# Maharashtra government will stop subsidies to madrassas which do not teach Maths, Science: Eknath Kh



## Desmond (Jun 12, 2015)

One decision that I think everyone can get behind.



> Maharashtra minorities minister Eknath Khadse has announced that subjects like English, Mathematics, Science and  Social Sciences will have to be compulsorily taught in madrassas across the state, apart from religion.
> 
> According to a report in a Marathi news daily, the minister has further stated that madrasses which do not follow this directive will not be eligible for subsidies.
> 
> ...



Source: Maharashtra government will stop subsidies to madrassas which do not teach Maths, Science: Eknath Khadse | Latest News & Updates at Daily News & Analysis


----------



## SaiyanGoku (Jun 12, 2015)

*Re: Maharashtra government will stop subsidies to madrassas which do not teach Maths, Science: Eknat*

Why stop at subsidies, cancel their affiliation.


----------



## $hadow (Jun 13, 2015)

*Re: Maharashtra government will stop subsidies to madrassas which do not teach Maths, Science: Eknat*

Seems fair. They also need to learn what is outside their books for a better future.


----------



## sling-shot (Jun 13, 2015)

*Re: Maharashtra government will stop subsidies to madrassas which do not teach Maths, Science: Eknat*

This should never have been allowed in the first place. Why is the government subsidizing the religious education of any religion? Religion is a personal matter and they should do it themselves.


----------



## Desmond (Jun 13, 2015)

*Re: Maharashtra government will stop subsidies to madrassas which do not teach Maths, Science: Eknat*

I was thinking this as well. A secular society should not subsidize religious education.

But I think votebank politics are involved somehow.


----------



## REDHOTIRON2004 (Jun 13, 2015)

*Re: Maharashtra government will stop subsidies to madrassas which do not teach Maths, Science: Eknat*

Those minorities groups are so much against yoga saying that it's a Hindu thing and should not be allowed in a secular society. 
While Subsidizing these madarsas is seen as empowering the minorities. Here they forget all about secularism.

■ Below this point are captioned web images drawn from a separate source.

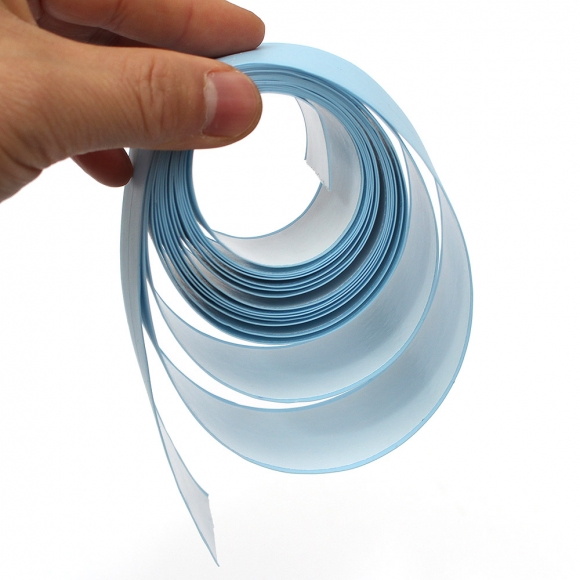 간편시공 틈새 방수테이프 2p세트(38mmx3.2m) (블루)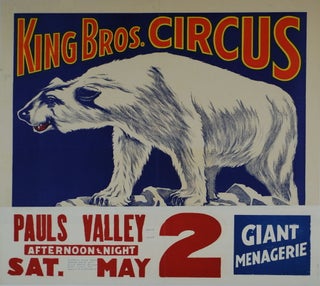 Item #CL200-55 King Bros. Circus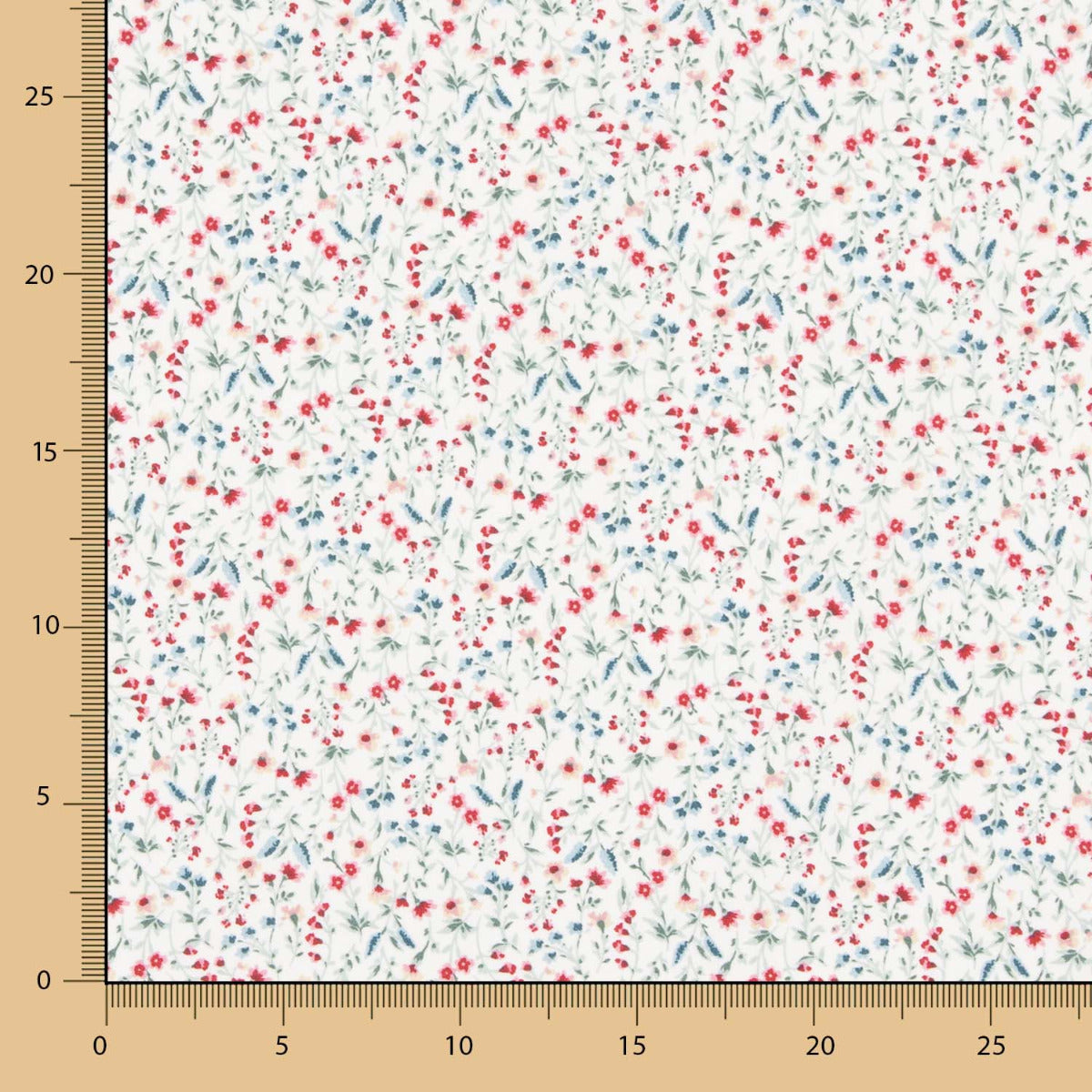 Popeline de coton biologique des Flandres - Ribes y Casals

It's a classic example of hipocracy and the damage done by our selected netas. Hindus or other religion people can't utter a word in support of there own interests as that would seem as anti national. When the same hindus talk against Hindus then it is seen as secularism.

This is far from an ideal scenario. And the main reason for that are the parties like congress, SAPA etc that show themselves as the biggest protector of secularism by speaking and doing things against other religions specially Hinduism.


----------



## GhorMaanas (Jun 13, 2015)

*Re: Maharashtra government will stop subsidies to madrassas which do not teach Maths, Science: Eknat*



REDHOTIRON2004 said:


> Those minorities groups are so much against yoga saying that it's a Hindu thing and should not be allowed in a secular society.
> While Subsidizing these madarsas is seen as empowering the minorities. Here they forget all about secularism.....

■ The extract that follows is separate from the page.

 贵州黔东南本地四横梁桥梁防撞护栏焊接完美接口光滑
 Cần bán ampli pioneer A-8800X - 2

and when trying to gain entry to the kafir Garba grounds; and crying 'discrimination' when prohibited.


----------



## Master_Tj (Jun 14, 2015)

*Re: Maharashtra government will stop subsidies to madrassas which do not teach Maths, Science: Eknat*

Though I agree they should teach outside subjects but religious is quite an important thing.. because schools in abroad teach students religion.  SOURCE: Me


----------